### Problem to work on
Give back every record exactly, images excluded.

Image-caption web data
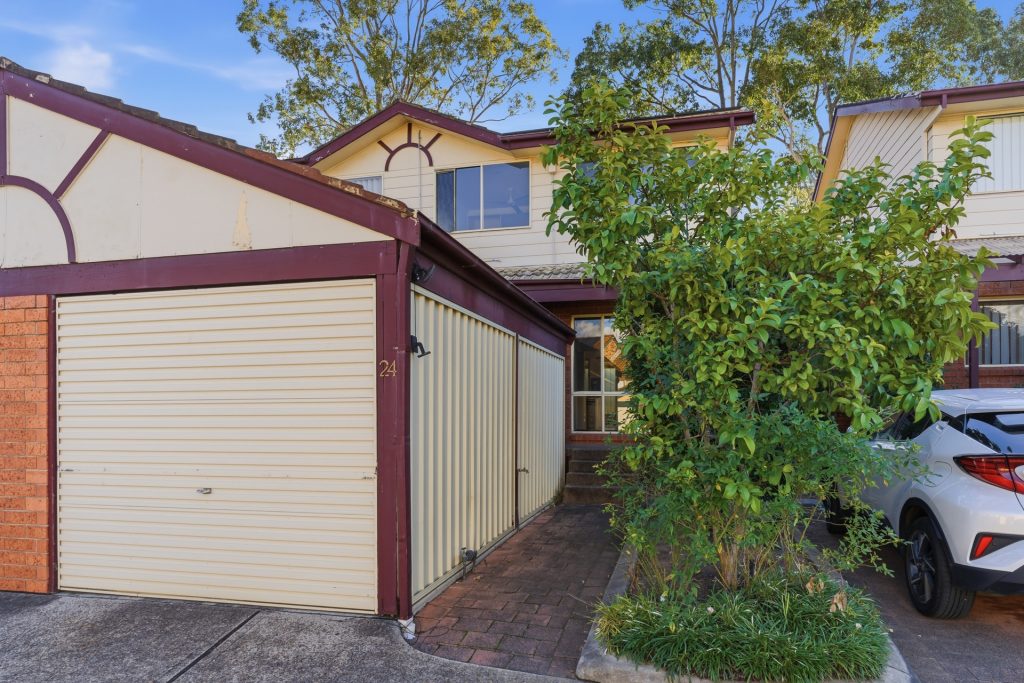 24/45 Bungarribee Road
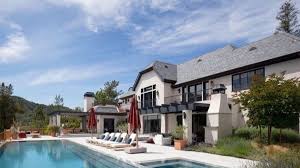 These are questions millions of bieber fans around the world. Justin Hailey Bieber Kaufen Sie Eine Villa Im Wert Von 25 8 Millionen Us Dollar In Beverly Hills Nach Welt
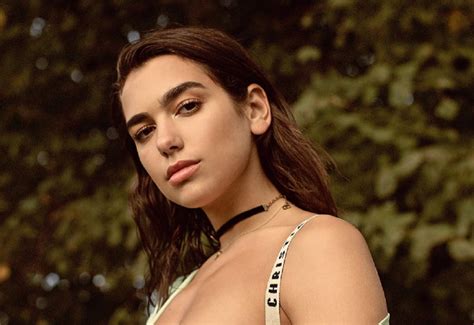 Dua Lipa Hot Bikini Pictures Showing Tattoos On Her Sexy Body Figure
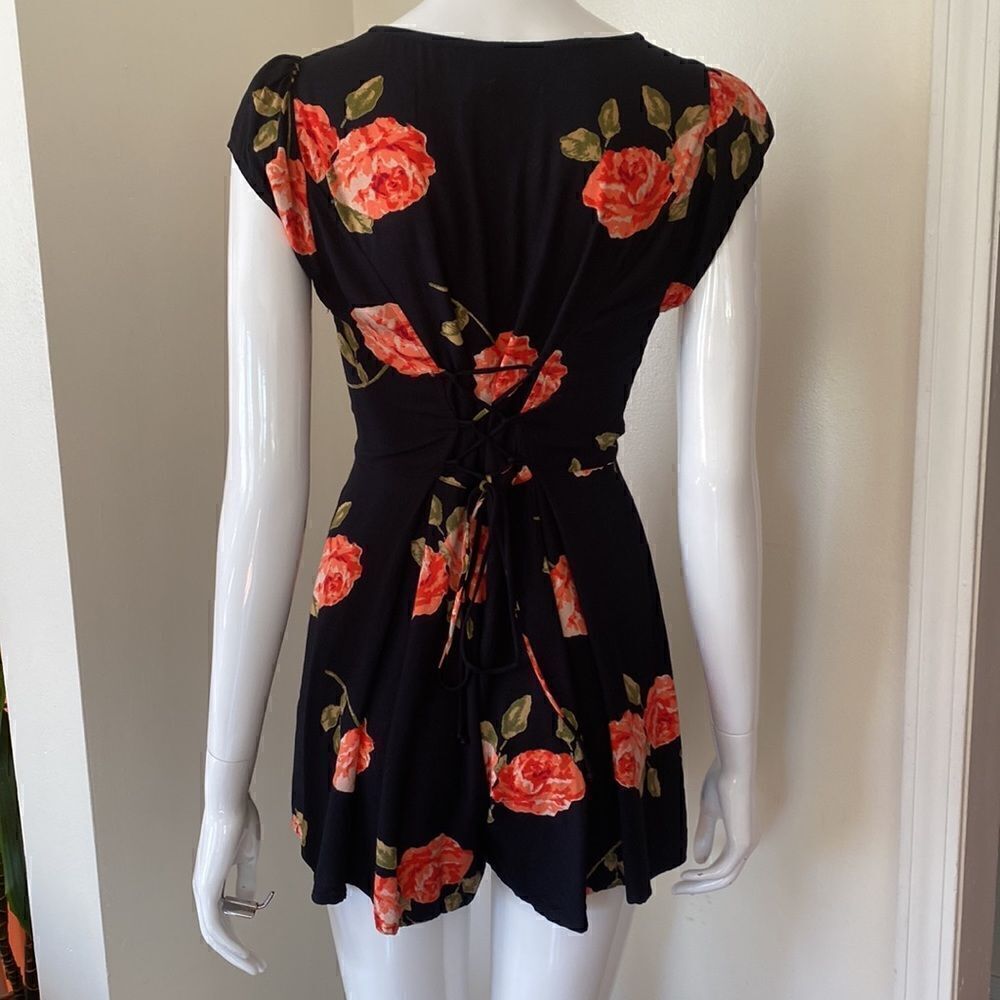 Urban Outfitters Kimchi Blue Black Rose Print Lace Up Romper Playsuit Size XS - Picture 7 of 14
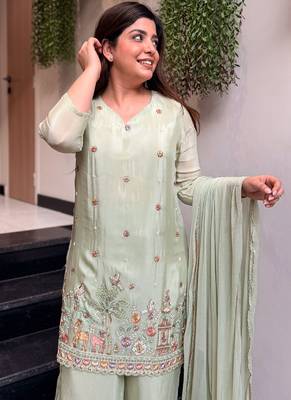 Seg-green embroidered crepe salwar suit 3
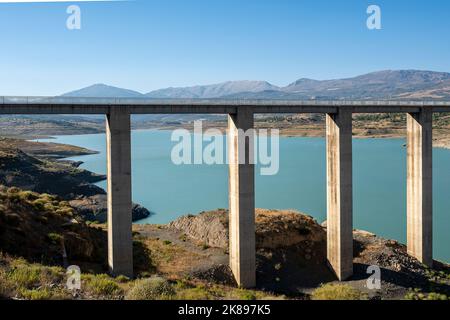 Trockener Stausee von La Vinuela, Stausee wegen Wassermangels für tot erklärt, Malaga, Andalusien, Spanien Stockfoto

### Exercise response
 24/45 Bungarribee Road
 These are questions millions of bieber fans around the world. Justin Hailey Bieber Kaufen Sie Eine Villa Im Wert Von 25 8 Millionen Us Dollar In Beverly Hills Nach Welt
 Dua Lipa Hot Bikini Pictures Showing Tattoos On Her Sexy Body Figure
 Urban Outfitters Kimchi Blue Black Rose Print Lace Up Romper Playsuit Size XS - Picture 7 of 14
 Seg-green embroidered crepe salwar suit 3
 Trockener Stausee von La Vinuela, Stausee wegen Wassermangels für tot erklärt, Malaga, Andalusien, Spanien Stockfoto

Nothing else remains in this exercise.